Find the right debt consolidation plan
Here are three common ways to consolidate debt:
- Transfer balances to a single credit card. This can be a particularly good option for moderate debts. Look for low rates and special balance transfer offers. For instance, the KeyBank Latitude® credit card has a special low introductory APR of 0% for the first 15 billing cycles on purchases and balance transfers (made within 60 days of account opening)1.
- Take out a personal loan. This may be good choice for larger debts. It gives you a fixed interest rate, a fixed monthly payment, and a specific time line for paying off your balance. Since the loan amount is only what you need to pay off your debt, it also helps prevent the temptation of running up more debt. Key has an Unsecured Personal Loan with rates and benefits that may work for you.

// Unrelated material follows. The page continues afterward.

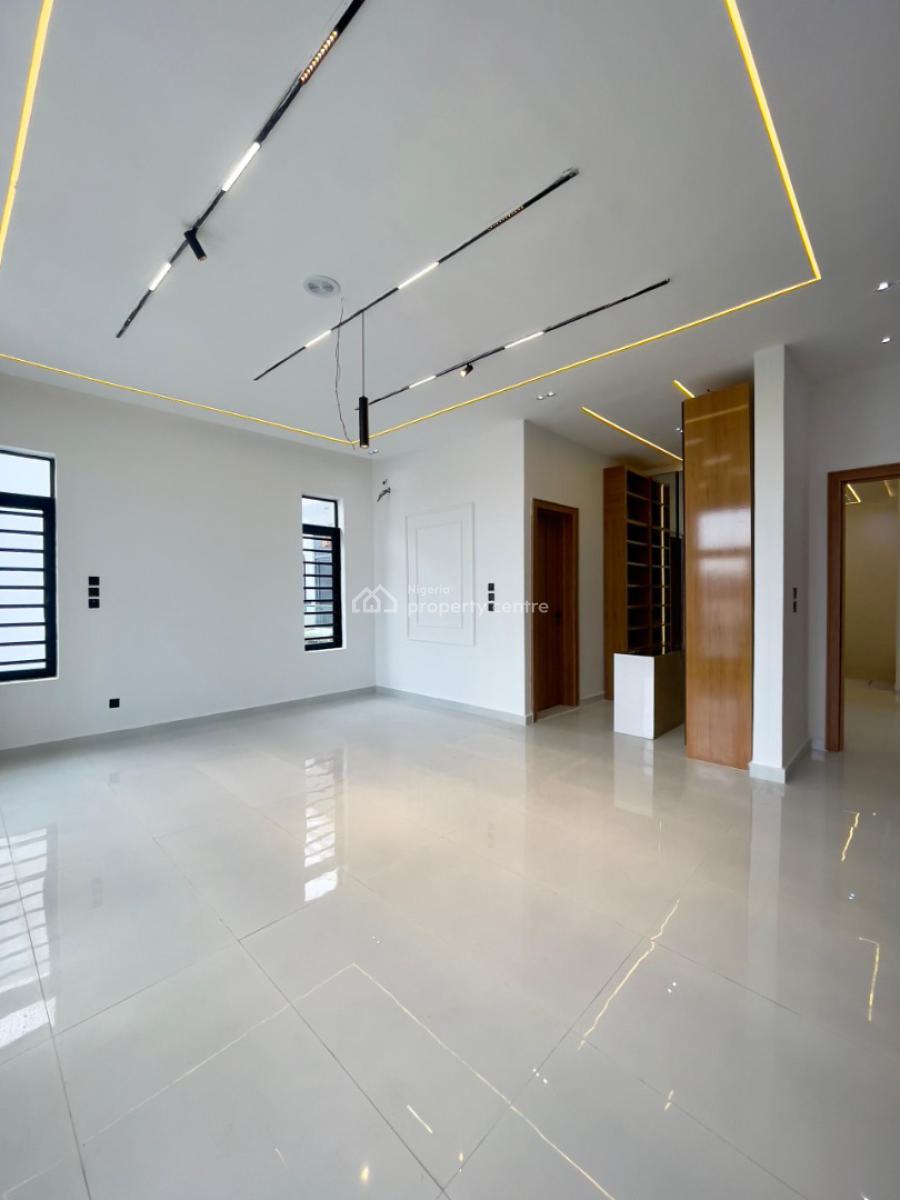 Remarkably Built Luxury 5 Bedroom Smart Home with Swimming Pool, Orchid Road, Lekki, Lagos, Detached Duplex for Sale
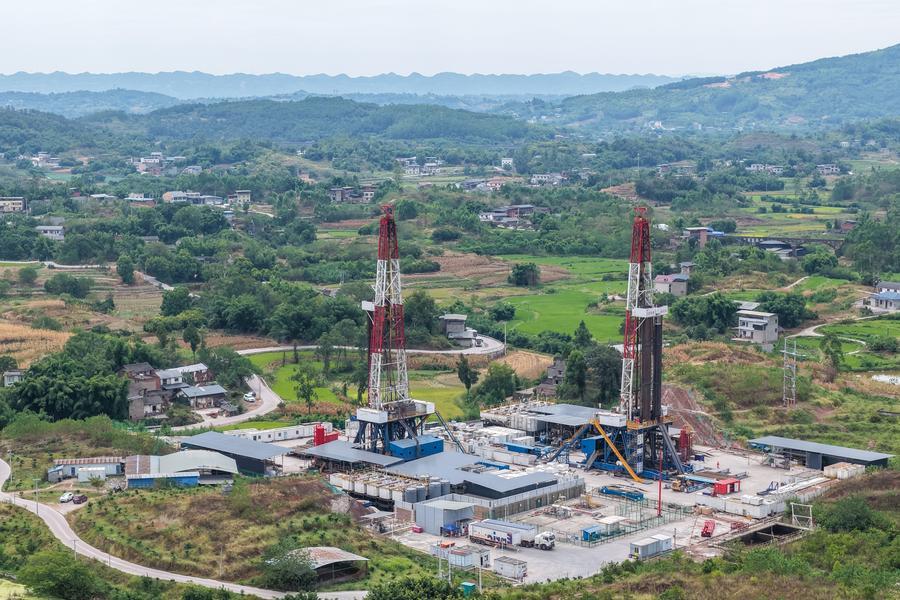 지난 7월 30일 충칭(重慶)시 중국석유천연가스그룹(CNPC) 저장(浙江)유전의 다안(大安) 6H1 셰일가스 플랫폼을 드론에 담았다. (사진/신화통신)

- Use your home’s equity. If you have available equity in your home, you may be able to borrow against it to consolidate your debt. A Home Equity Line of Credit typically has lower rates than most credit cards, and you can choose principal and interest or interest only payment options.
Keep Moving Forward
Whichever method you choose, stick to your plan until your debt is gone. Then make sure you don’t let fall into old habits. Consider taking the money you were using to make debt payments and put it into an emergency savings fund. That can be your go-to source, instead of credit cards, when unexpected expenses arise. And stick to a budget that ensures you spend less than you make — so you can keep moving forward in good financial health.